Within days after the Foshan strike ended, workers at two other Honda
parts plants went out. One of these strikes was settled quickly.
However, the strike at Honda Lock turned into a bitter conflict, the
outcome of which was very different than that at Foshan. Using desktop
computers, activists uploaded video of security guards beating
workers. In this case, both the Honda management and CCP authorities,
at least at the local level, took a harder line. The company recruited
“replacement workers” (scabs) and threatened to fire those strikers
who refused to accept the wage increase offered. Journalists seeking
to report on the strike were taken away from the plant by local
police.

CCP Regime’s Response to Strikes

The initial extensive coverage of the Foshan Honda strike in the
domestic media was accompanied by an equally unusual candor about the
country’s increasing social inequalities. Citing a leader of the
ACFTU, the official English-language China Daily (13 May) reported
that the share of the country’s gross domestic product going to
workers’ wages fell from 57 percent in 1983 to 37 percent in 2005. An
editorial in the Global Times (2 June), a People’s Daily spin-off,
stated:

“Admittedly, in the three decades of opening-up, ordinary workers are
among those who have received the smallest share of economic
prosperity….
“The temporary stoppage of production lines in the four Honda
factories, at a time of increasing market demand for the Japanese-
brand cars, highlights the necessity of organized labor protection in
Chinese factories.”
More recently, an ACFTU spokesman laid out an official policy of
promoting “the direct election of grassroots trade union
leaders” (People’s Daily online, 31 August).

Clearly, influential elements in the bureaucracy are concerned about
the danger (to themselves) of growing labor unrest in the private
sector. Even before the strike wave, a number of provincial and
municipal governments had raised the legal minimum wage, in some cases
as much as 20 percent.

Despite increasing economic inequality, one should recognize that
workers in China, including migrants in the capitalist sector, have
generally experienced a substantial improvement in living standards
during the decades of the “reform” era. It is also true that the
closing and privatizing of many state-owned enterprises over the years
have produced severe economic uncertainty for workers who have seen
their previously guaranteed social benefits cut and who lack the
education and skills to find new work. But with the export sector
booming, between 2004 and 2009 the average real monthly wage of
migrant workers increased by more than 40 percent. That workers at
Honda used cell phones and the Internet to coordinate strikes at
different plants indicates that they have access to modern technology—
a world away from the experience of their parents, not to speak of
their grandparents on the rural communes of the Mao era.

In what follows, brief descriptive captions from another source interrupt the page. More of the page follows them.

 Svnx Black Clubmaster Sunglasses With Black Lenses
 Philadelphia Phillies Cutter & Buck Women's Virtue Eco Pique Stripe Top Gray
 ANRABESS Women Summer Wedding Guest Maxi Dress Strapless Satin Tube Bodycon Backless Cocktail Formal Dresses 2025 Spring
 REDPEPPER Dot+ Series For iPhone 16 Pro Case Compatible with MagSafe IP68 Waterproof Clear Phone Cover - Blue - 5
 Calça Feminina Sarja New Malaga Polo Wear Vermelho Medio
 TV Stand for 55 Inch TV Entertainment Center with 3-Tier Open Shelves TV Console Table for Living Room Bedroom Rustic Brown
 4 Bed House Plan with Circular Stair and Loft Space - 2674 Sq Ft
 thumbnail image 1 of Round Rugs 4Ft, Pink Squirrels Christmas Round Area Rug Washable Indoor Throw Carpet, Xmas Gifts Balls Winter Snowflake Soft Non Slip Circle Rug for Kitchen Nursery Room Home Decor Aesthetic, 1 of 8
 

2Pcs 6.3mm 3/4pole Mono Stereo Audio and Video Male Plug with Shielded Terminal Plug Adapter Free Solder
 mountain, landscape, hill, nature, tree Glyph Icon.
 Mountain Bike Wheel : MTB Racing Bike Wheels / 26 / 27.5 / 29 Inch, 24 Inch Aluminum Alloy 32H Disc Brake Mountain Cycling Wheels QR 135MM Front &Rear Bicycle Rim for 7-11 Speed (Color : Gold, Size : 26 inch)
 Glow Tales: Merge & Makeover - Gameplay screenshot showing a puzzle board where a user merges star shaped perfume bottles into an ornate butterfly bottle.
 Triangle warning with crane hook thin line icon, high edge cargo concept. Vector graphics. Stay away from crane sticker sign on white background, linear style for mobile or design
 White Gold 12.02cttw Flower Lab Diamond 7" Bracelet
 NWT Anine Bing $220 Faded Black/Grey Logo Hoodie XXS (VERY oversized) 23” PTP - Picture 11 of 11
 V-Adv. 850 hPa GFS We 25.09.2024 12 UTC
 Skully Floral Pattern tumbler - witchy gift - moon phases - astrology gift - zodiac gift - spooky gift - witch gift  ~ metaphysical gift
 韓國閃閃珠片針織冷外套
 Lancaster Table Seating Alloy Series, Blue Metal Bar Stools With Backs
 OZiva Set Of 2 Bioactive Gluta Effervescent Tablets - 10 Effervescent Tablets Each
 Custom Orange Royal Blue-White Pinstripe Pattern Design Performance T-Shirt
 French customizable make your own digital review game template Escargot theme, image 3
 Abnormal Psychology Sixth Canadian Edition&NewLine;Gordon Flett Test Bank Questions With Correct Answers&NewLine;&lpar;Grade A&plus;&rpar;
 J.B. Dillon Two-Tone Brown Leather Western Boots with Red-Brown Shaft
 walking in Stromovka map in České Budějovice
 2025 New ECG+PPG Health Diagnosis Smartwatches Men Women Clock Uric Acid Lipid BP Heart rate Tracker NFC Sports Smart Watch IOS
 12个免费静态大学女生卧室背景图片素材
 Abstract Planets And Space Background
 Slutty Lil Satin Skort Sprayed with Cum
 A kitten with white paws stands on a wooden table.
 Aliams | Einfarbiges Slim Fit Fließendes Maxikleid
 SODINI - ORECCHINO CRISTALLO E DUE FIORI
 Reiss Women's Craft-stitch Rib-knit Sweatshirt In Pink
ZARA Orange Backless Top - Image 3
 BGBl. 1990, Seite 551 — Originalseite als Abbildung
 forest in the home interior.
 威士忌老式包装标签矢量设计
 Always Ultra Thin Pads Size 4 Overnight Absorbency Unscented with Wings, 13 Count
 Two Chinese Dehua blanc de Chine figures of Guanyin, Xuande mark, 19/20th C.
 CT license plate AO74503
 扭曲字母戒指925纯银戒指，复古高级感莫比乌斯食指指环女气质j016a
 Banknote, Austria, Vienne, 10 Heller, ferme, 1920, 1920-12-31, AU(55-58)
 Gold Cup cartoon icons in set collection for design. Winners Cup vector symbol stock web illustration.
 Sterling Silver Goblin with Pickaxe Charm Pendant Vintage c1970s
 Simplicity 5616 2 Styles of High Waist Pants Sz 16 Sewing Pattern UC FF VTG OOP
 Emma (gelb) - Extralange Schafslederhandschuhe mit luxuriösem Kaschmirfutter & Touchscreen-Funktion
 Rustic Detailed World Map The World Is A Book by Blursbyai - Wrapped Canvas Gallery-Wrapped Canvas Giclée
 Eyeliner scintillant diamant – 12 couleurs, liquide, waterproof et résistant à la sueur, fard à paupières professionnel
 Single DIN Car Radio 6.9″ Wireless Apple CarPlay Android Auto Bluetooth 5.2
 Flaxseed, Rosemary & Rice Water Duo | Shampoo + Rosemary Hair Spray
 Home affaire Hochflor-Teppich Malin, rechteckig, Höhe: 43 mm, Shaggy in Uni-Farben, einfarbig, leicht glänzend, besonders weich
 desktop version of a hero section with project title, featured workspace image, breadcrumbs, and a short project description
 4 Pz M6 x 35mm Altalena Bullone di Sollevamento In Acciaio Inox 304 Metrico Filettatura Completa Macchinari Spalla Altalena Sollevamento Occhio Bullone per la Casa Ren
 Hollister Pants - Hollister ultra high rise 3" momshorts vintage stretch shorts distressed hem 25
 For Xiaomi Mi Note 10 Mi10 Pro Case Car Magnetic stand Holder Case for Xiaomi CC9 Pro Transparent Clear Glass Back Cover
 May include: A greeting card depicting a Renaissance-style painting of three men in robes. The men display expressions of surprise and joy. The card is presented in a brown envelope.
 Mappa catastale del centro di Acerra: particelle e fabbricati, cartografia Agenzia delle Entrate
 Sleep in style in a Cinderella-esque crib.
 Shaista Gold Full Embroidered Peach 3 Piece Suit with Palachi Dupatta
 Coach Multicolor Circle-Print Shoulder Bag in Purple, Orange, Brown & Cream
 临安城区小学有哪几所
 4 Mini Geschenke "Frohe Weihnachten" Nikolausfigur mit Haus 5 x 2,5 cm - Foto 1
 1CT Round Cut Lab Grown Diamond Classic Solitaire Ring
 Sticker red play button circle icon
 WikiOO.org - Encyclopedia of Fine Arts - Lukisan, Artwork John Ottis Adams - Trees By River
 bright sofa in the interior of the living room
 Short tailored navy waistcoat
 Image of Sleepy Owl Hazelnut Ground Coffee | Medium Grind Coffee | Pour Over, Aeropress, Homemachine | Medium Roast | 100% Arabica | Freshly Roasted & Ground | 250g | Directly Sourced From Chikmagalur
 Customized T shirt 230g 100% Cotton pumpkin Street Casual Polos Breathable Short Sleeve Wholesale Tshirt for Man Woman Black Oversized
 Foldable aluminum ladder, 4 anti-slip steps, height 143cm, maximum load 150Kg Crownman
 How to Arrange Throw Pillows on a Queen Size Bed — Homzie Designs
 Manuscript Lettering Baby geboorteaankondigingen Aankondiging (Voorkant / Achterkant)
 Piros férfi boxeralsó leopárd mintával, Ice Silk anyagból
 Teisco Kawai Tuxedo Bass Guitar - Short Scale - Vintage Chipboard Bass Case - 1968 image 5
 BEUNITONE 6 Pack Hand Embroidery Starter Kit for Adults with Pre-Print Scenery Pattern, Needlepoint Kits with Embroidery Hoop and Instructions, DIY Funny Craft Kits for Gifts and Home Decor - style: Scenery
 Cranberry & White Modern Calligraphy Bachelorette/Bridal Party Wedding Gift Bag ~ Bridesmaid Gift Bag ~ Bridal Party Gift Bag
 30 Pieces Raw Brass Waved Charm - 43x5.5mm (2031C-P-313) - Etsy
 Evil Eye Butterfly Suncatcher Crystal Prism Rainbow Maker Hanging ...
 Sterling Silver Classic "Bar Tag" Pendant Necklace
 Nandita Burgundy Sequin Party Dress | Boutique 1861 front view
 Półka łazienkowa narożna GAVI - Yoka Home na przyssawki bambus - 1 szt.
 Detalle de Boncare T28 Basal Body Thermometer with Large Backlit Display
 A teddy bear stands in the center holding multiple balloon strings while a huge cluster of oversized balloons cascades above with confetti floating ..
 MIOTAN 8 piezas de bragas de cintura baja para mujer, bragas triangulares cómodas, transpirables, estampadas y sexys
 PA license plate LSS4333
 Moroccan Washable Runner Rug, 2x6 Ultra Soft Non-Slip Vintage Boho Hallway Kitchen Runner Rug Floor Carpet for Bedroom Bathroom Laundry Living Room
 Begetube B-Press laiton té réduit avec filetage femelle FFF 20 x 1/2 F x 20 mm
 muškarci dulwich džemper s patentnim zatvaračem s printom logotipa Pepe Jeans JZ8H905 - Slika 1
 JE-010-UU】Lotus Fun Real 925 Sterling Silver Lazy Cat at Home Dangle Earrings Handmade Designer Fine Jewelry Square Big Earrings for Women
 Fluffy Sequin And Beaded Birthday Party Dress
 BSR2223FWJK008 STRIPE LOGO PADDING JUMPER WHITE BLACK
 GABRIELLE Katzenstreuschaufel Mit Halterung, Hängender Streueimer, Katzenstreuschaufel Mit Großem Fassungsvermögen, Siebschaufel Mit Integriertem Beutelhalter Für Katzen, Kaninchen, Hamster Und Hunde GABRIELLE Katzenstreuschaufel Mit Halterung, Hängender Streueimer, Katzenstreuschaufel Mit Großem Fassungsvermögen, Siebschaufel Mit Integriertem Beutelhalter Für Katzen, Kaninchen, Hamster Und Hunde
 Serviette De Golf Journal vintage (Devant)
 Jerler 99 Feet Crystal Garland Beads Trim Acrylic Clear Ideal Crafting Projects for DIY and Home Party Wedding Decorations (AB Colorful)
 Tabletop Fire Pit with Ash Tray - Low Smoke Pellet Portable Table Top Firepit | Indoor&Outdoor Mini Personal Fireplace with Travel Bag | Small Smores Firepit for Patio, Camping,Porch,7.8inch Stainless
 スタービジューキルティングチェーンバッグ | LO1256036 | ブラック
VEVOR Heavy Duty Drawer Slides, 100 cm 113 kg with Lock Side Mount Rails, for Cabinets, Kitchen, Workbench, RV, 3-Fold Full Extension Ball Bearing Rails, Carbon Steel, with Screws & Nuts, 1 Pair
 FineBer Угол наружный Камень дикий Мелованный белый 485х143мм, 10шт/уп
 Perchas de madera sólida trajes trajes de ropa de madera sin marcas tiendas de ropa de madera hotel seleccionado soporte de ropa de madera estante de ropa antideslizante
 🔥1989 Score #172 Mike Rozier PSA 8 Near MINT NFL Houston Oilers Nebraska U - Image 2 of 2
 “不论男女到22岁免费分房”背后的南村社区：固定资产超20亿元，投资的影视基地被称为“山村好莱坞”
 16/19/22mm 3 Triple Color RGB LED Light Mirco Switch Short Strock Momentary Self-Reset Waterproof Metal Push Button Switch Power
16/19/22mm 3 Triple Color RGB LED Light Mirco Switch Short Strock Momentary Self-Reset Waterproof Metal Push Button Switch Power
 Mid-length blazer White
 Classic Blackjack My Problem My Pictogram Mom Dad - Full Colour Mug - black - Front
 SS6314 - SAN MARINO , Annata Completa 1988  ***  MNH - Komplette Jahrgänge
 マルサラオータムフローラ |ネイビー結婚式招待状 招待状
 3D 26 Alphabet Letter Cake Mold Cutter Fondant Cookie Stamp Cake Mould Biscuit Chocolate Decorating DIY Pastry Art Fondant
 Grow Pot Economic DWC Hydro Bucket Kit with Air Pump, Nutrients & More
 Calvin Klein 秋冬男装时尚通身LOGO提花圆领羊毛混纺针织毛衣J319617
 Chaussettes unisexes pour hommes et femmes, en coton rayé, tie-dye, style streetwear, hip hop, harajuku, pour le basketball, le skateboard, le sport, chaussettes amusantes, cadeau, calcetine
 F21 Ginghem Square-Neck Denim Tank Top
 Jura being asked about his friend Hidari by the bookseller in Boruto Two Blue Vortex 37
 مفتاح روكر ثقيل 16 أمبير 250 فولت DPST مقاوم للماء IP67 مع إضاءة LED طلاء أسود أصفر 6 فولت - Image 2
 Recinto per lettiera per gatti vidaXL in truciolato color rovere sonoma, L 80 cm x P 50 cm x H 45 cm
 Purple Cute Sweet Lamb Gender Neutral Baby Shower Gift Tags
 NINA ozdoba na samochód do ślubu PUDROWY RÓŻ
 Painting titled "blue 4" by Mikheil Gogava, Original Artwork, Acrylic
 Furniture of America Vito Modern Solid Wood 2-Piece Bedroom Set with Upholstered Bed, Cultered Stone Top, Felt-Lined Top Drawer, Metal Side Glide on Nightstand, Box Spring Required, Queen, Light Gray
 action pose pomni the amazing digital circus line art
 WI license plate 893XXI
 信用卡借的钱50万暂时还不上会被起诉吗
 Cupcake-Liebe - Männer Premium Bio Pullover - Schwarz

Because the strikes were in capitalist enterprises, they did not
constitute the kind of direct challenge to the ruling bureaucracy that
strikes or other labor protests in strategic sectors of the statified
economy, such as steel production, oil extraction and the railway
system would pose. To a certain extent, the CCP regime could posture
as a paternalistic defender of Chinese workers against unbridled
exploitation by Japanese, Korean and offshore Chinese capitalists. In
mid June, China’s premier Wen Jiabao intoned that “the government and
all sectors of society should treat migrant workers as they would
their own children.”

The fact that Honda is a Japanese company was likely an important
factor in the authorities’ initial tolerance for the strike and the
extensive domestic media coverage. The Beijing Stalinist leaders seek
popular legitimacy by, above all, appealing to Chinese nationalism,
evoking the historical memory of the country’s semicolonial
subjugation prior to the 1949 Revolution. An important source of the
CCP’s historical authority was its mobilization of the peasant masses
in resisting the Japanese imperialists’ invasion and occupation of
China in the 1930s-’40s. Even today Japan, rather than the United
States, is the main target of both popular and officially sponsored
Chinese nationalism.

On the other side of the Sea of Japan, the leading bourgeois newspaper
Nikkei complained that “in the strike at the Honda-supplier, the
authorities took a neutral stance from beginning to end.” In this
respect, the strikes in China contrast sharply with the bloody state
repression of labor struggles against Japanese companies in the
semicolonial countries of Southeast Asia. For example, soldiers and
police recently attacked workers at a Toshiba plant in Indonesia. In
the Philippines, a union leader at the Japanese company Takata was
murdered in early June in the course of a struggle for union
recognition.

The strikes at the Chinese Honda and Toyota factories underscore the
need for unity between the proletariats of China and Japan—a prospect
that is completely outside the nationalist worldview of China’s
Stalinist misrulers. Had the Japanese workers at these two auto giants
expressed support for their Chinese class brothers, this would have
strengthened their bargaining power and undercut the anti-Japanese
nationalism promoted by the Beijing regime.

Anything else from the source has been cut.